• _EXERCISE BRIEF_
Only the lines from the first line of the entries through the line with "1 Pair Minimalist" belong in the answer, each restated word for word and without pictures.

• _Caption-style text data_
- Opening Delimiter -

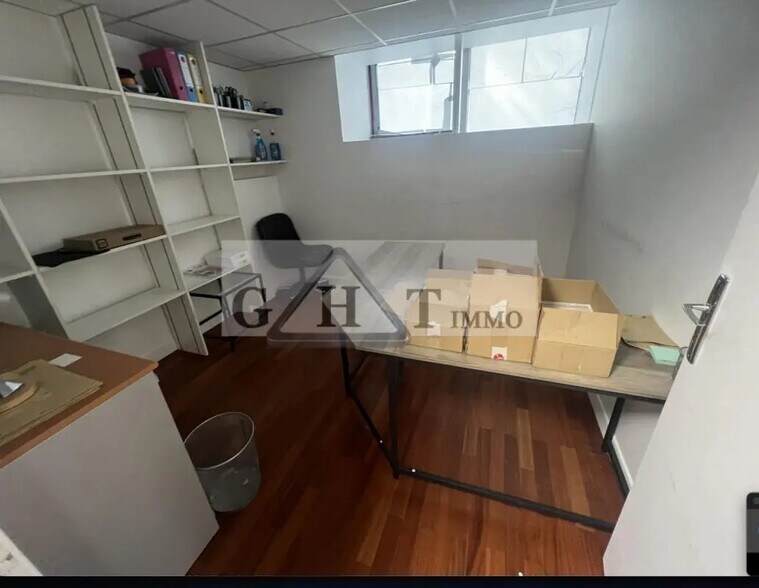 Bureau dans Gennevilliers à louer - Photo de l’immeuble – Image 2 sur 3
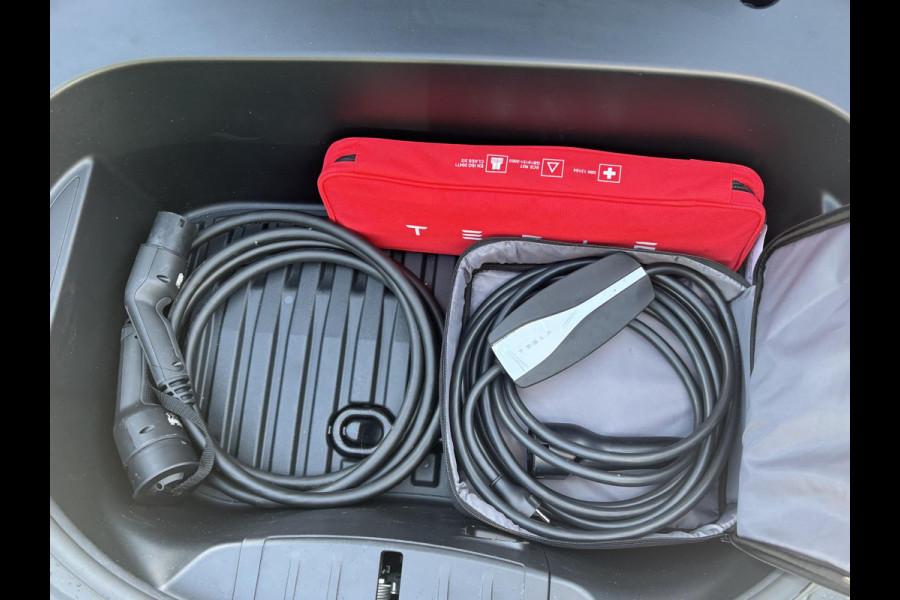 Tesla Model 3 Standard RWD Plus 60 kWh AUTOPILOT | LEDER | RIJKLAAR INCL. 12 MND,. BOVAGGARANTIE
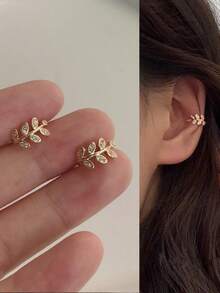 1 Pair Minimalist Leaf Ear Cuff, No Piercing Required, Adjustable Earrings - Gold - View 3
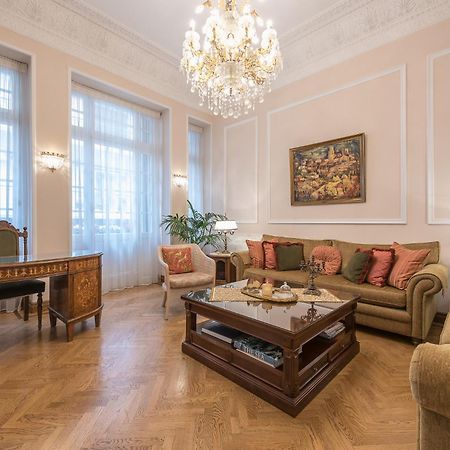 The Rare Luxury Gem Near Syntagma, Kolonaki Square Apartamento Atenas Exterior foto
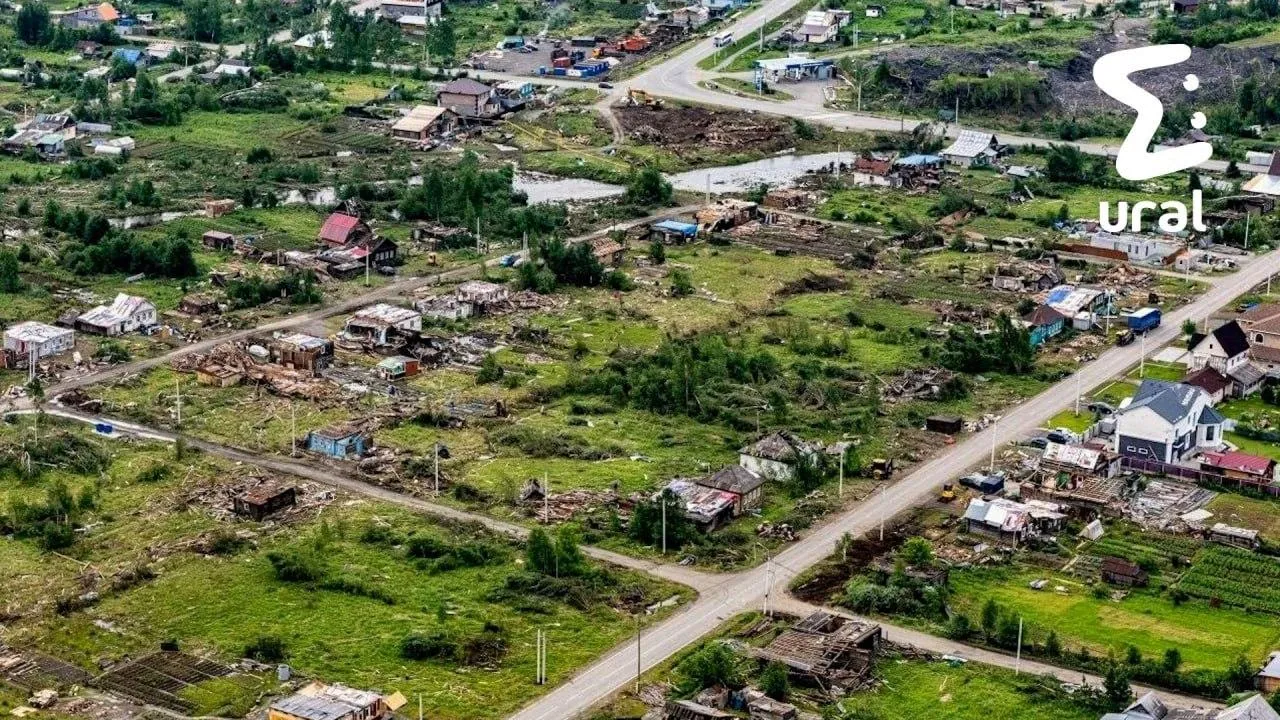 Фото последствий торнадо в Кушве: 123 дома повреждены и 32 разрушены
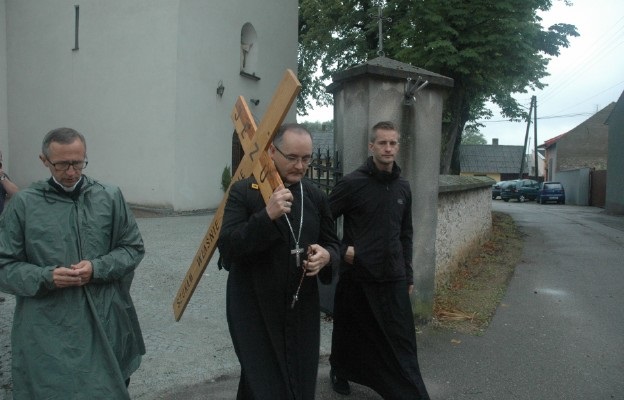 El obispo auxiliar de Czestochowa, Andrzej Przybylski, portando la cruz en peregrinación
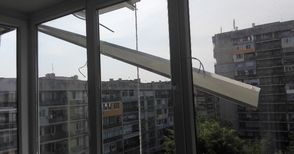 Плоча от блок „Лермонтов“ едва не уби човек на балкон
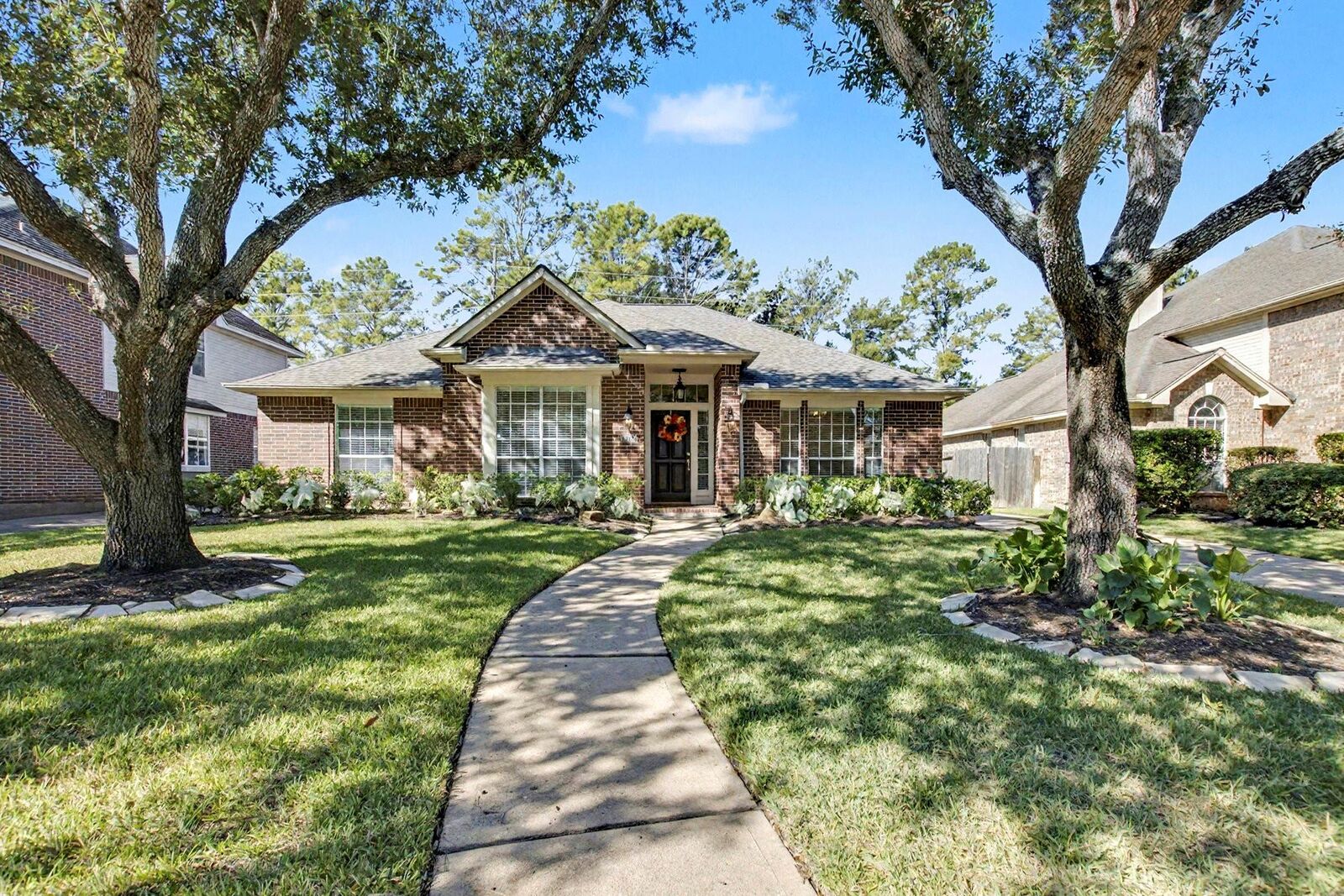 Property Photo: 1102 Hathorn Way Drive TX 77094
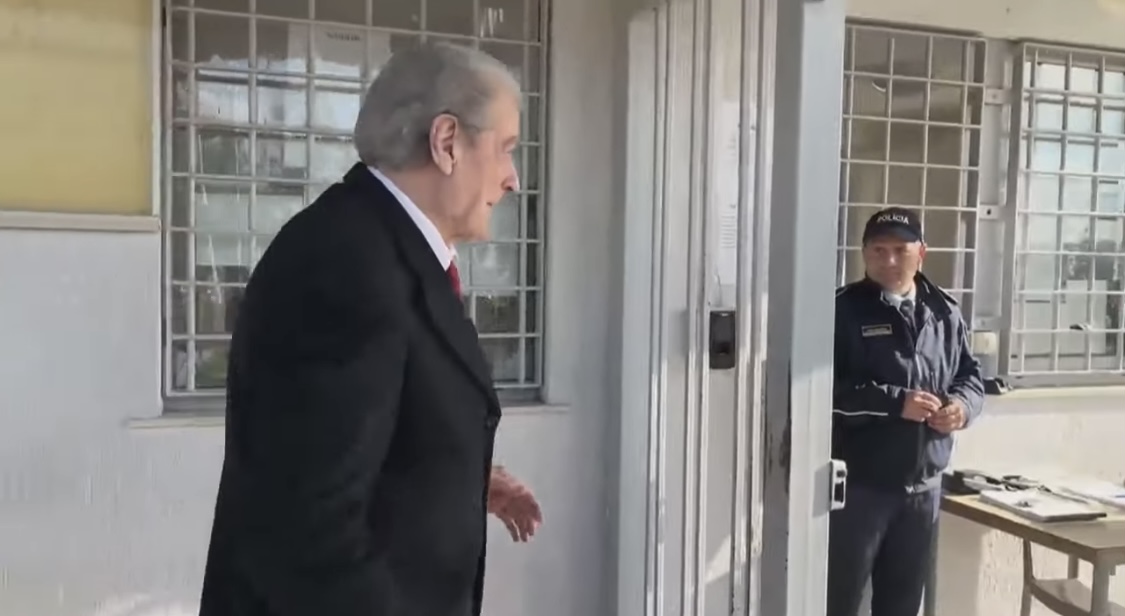 Berisha, vizitë Salianjit në qelinë e bugut të Fierit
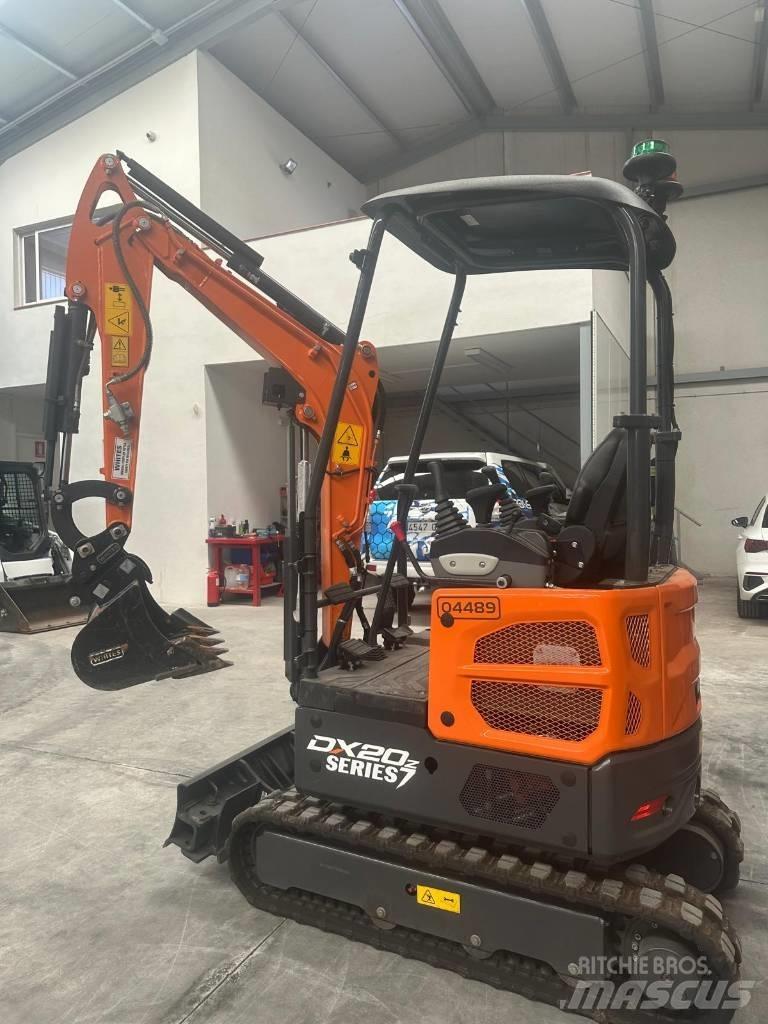 Develon DX 20 Z-7 Minigraafmachines < 7t
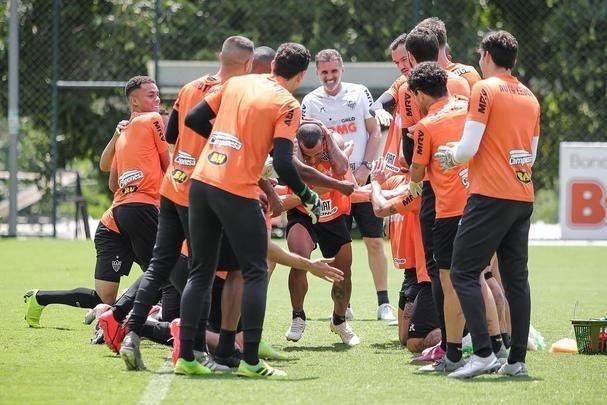 Atlético encerra preparação para encarar o Cruzeiro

- Closing Delimiter -

• _SOLUTION_
 Bureau dans Gennevilliers à louer - Photo de l’immeuble – Image 2 sur 3
 Tesla Model 3 Standard RWD Plus 60 kWh AUTOPILOT | LEDER | RIJKLAAR INCL. 12 MND,. BOVAGGARANTIE
 1 Pair Minimalist Leaf Ear Cuff, No Piercing Required, Adjustable Earrings - Gold - View 3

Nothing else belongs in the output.